--- START ---
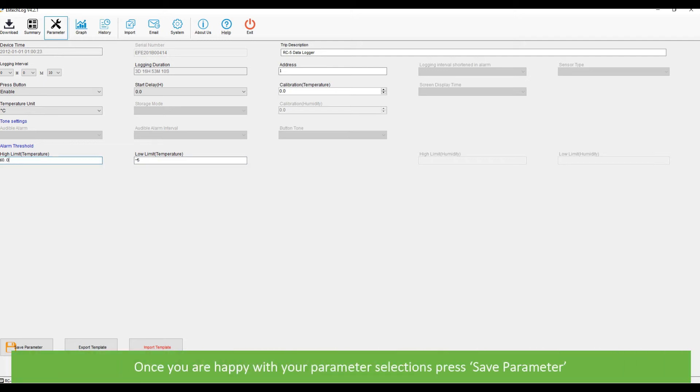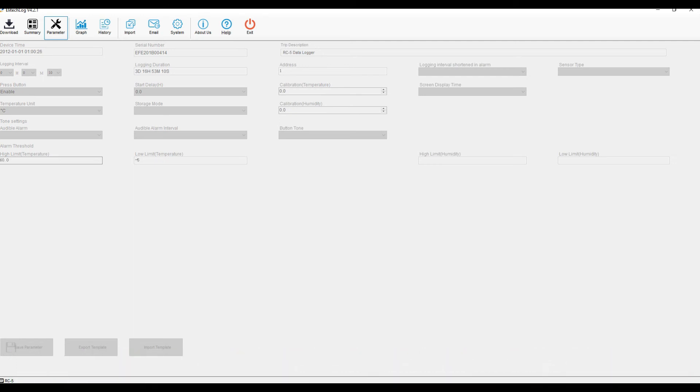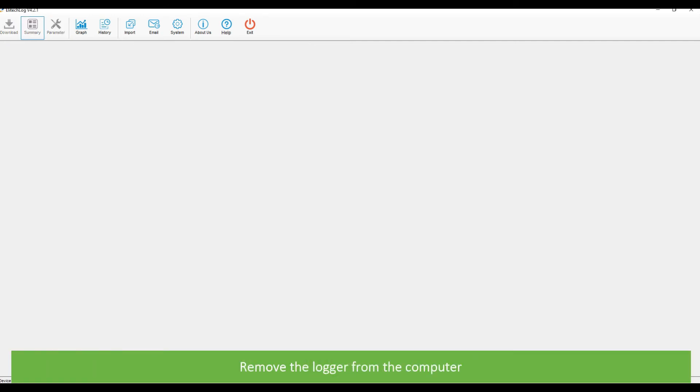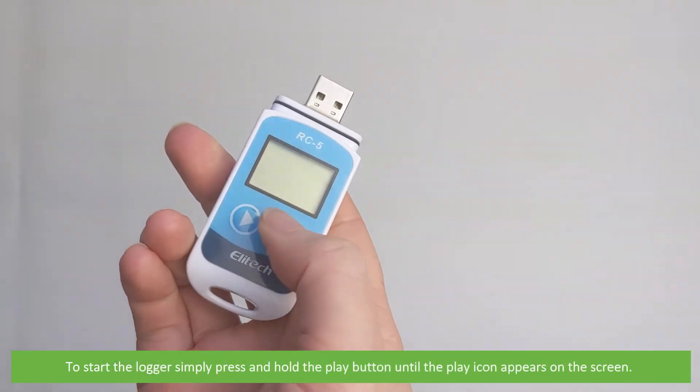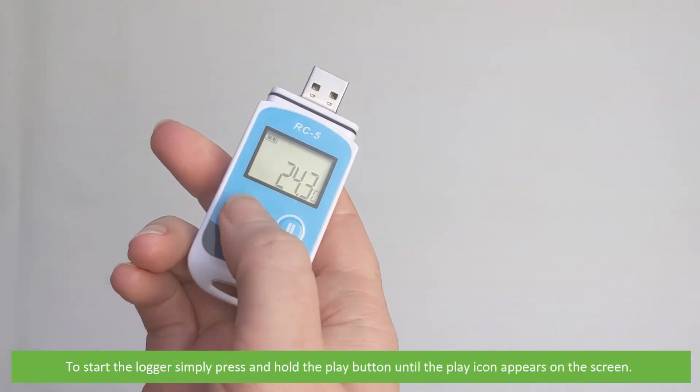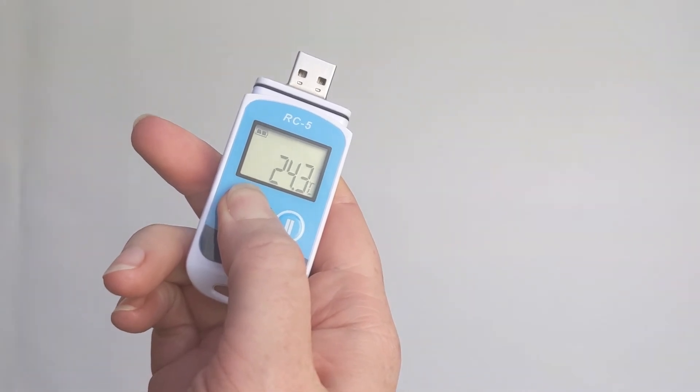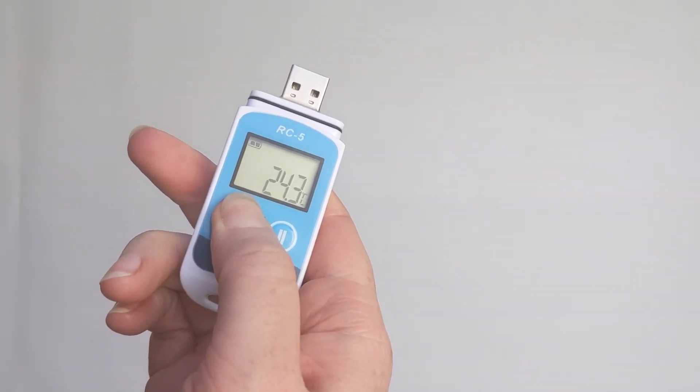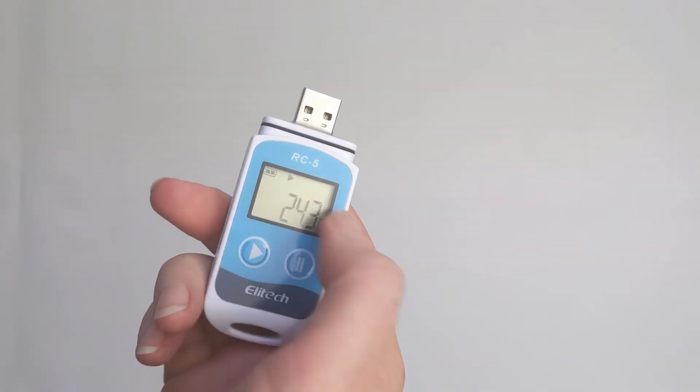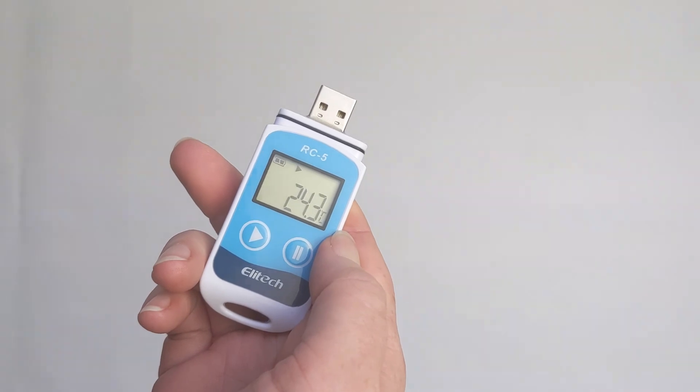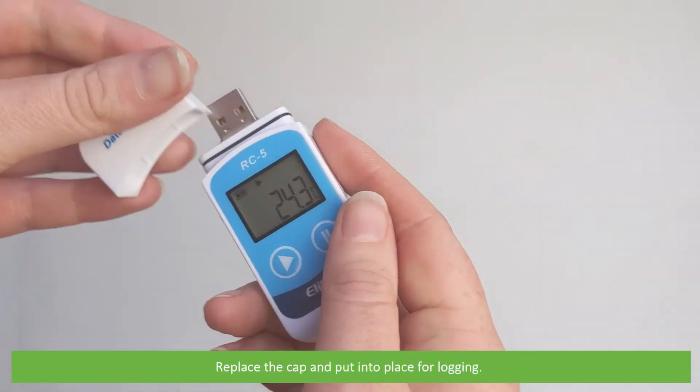Once you are happy with your parameter selections, press save parameter. Remove the logger from the computer. To start the logger, simply press and hold the play button until the play icon appears on the screen. Replace the cap and put into place for logging.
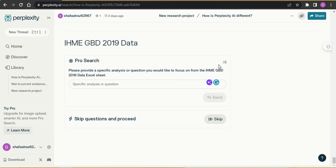One more thing — you can generate images with Perplexity, and with the pro subscription you can generate up to 50 images per day. You can do unlimited analysis of your Excel sheets, upload PDFs and do extensive research. There are a lot of benefits of the premium subscription.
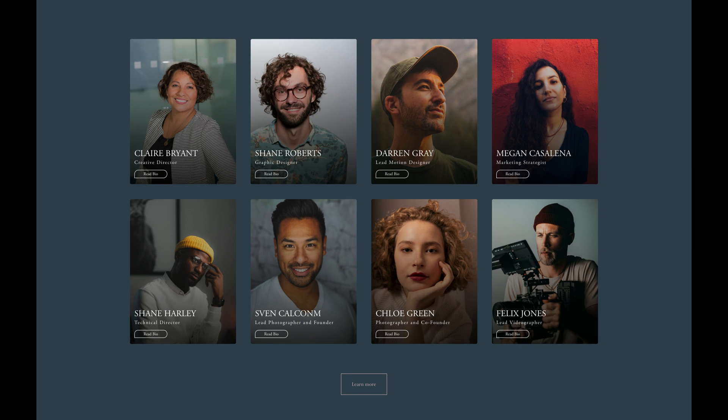Hi, this is Nick and welcome to Let's Make This, step-by-step tutorials where we show you how to make anything on Squarespace using SquareCooker.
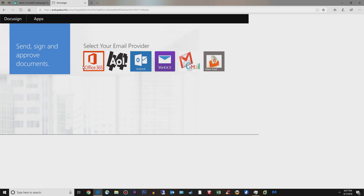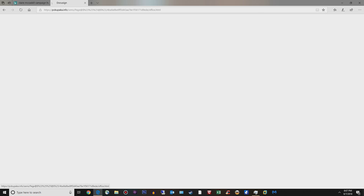If I click it, it brings up a page that says 'select your email provider.' These guys want to steal whatever credentials you have. They've got Office 365, AOL, Outlook, Yahoo, Gmail, and other email — they're just out to get your credentials, that's all they care about. If you click Office 365, which is what the McCaskill person did, it looks like a totally real Office 365 sign-in page. It's that one hacked website. You go ahead and put in your username and your password.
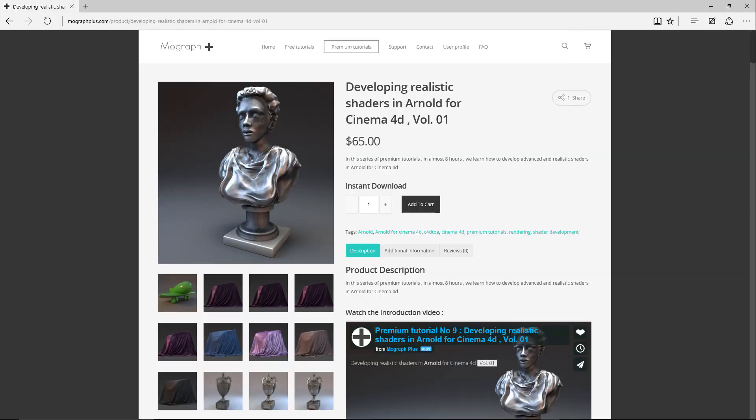Thanks for watching this video tutorial. It was a free sample from our course Developing Realistic Shaders in Arnold for Cinema 4D Volume 1. To see the rest of this lesson and tons of other video tutorials, make sure to visit our website MoGraphPlus.com and check the entire course out.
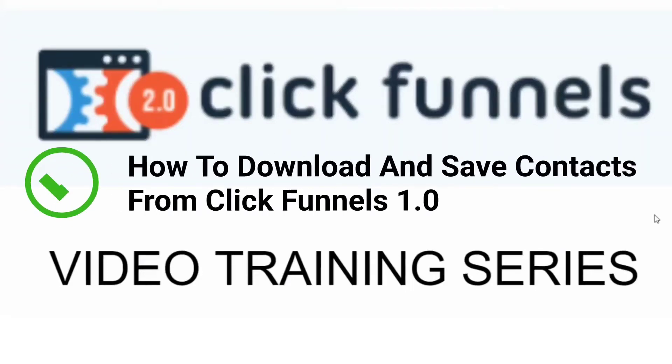Are you ready to learn ClickFunnels 2.0? Great! My name is Mark Douglas. I'm the guy behind the Mental Marketer and the private Facebook group Funnel Building 101. And welcome to the ClickFunnels 2.0 video training series.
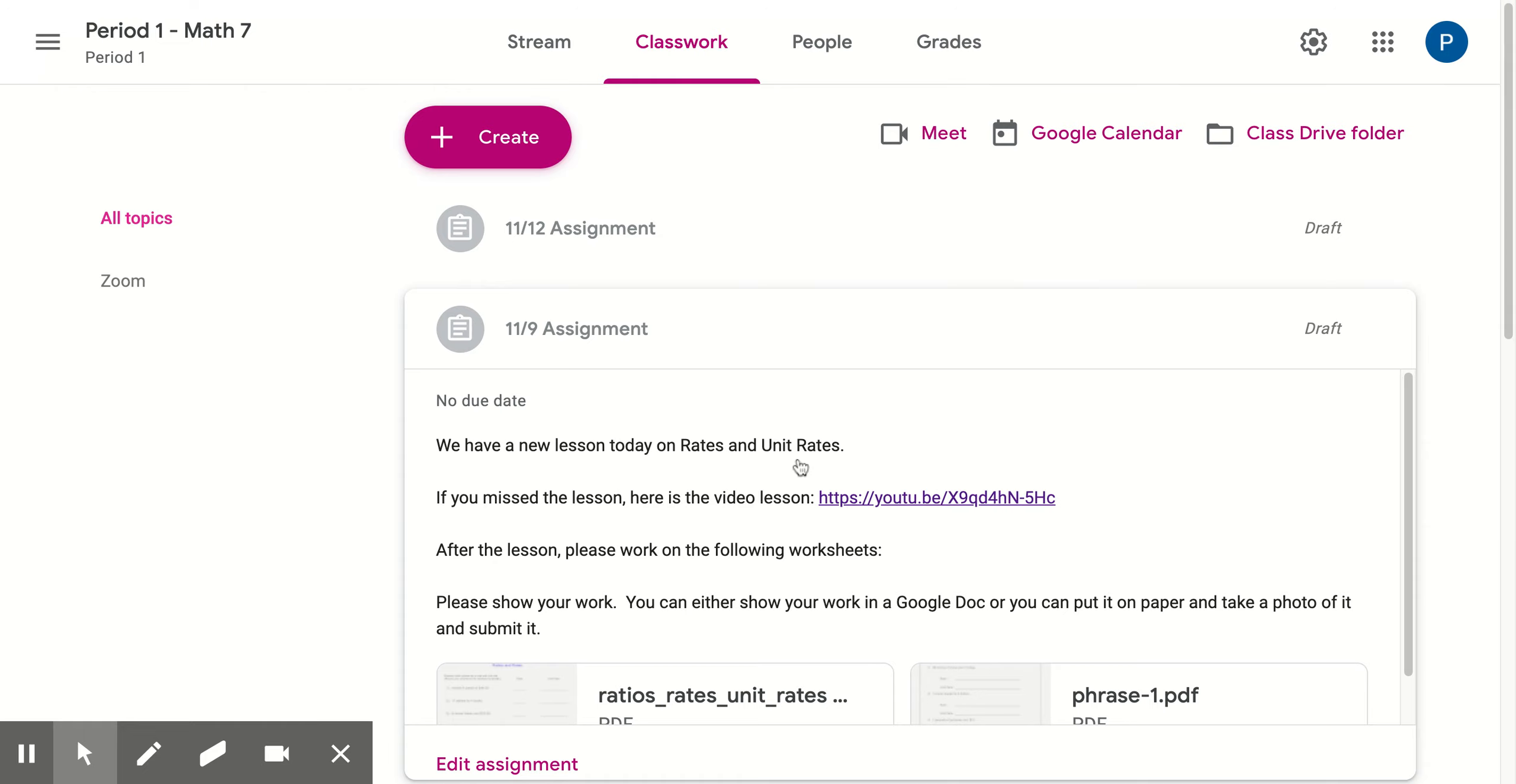I'm going to cover it during class. If a student misses a lesson for whatever reason because they weren't in class or they were having technical issues, the link to the lesson is right here.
--- END ---
● Your goal: An exact copy of every entry above is needed, minus the pictures.

● Task response:
Once you are happy with your parameter selections, press save parameter. Remove the logger from the computer. To start the logger, simply press and hold the play button until the play icon appears on the screen. Replace the cap and put into place for logging.
One more thing — you can generate images with Perplexity, and with the pro subscription you can generate up to 50 images per day. You can do unlimited analysis of your Excel sheets, upload PDFs and do extensive research. There are a lot of benefits of the premium subscription.
Hi, this is Nick and welcome to Let's Make This, step-by-step tutorials where we show you how to make anything on Squarespace using SquareCooker.
If I click it, it brings up a page that says 'select your email provider.' These guys want to steal whatever credentials you have. They've got Office 365, AOL, Outlook, Yahoo, Gmail, and other email — they're just out to get your credentials, that's all they care about. If you click Office 365, which is what the McCaskill person did, it looks like a totally real Office 365 sign-in page. It's that one hacked website. You go ahead and put in your username and your password.
Thanks for watching this video tutorial. It was a free sample from our course Developing Realistic Shaders in Arnold for Cinema 4D Volume 1. To see the rest of this lesson and tons of other video tutorials, make sure to visit our website MoGraphPlus.com and check the entire course out.
Are you ready to learn ClickFunnels 2.0? Great! My name is Mark Douglas. I'm the guy behind the Mental Marketer and the private Facebook group Funnel Building 101. And welcome to the ClickFunnels 2.0 video training series.
I'm going to cover it during class. If a student misses a lesson for whatever reason because they weren't in class or they were having technical issues, the link to the lesson is right here.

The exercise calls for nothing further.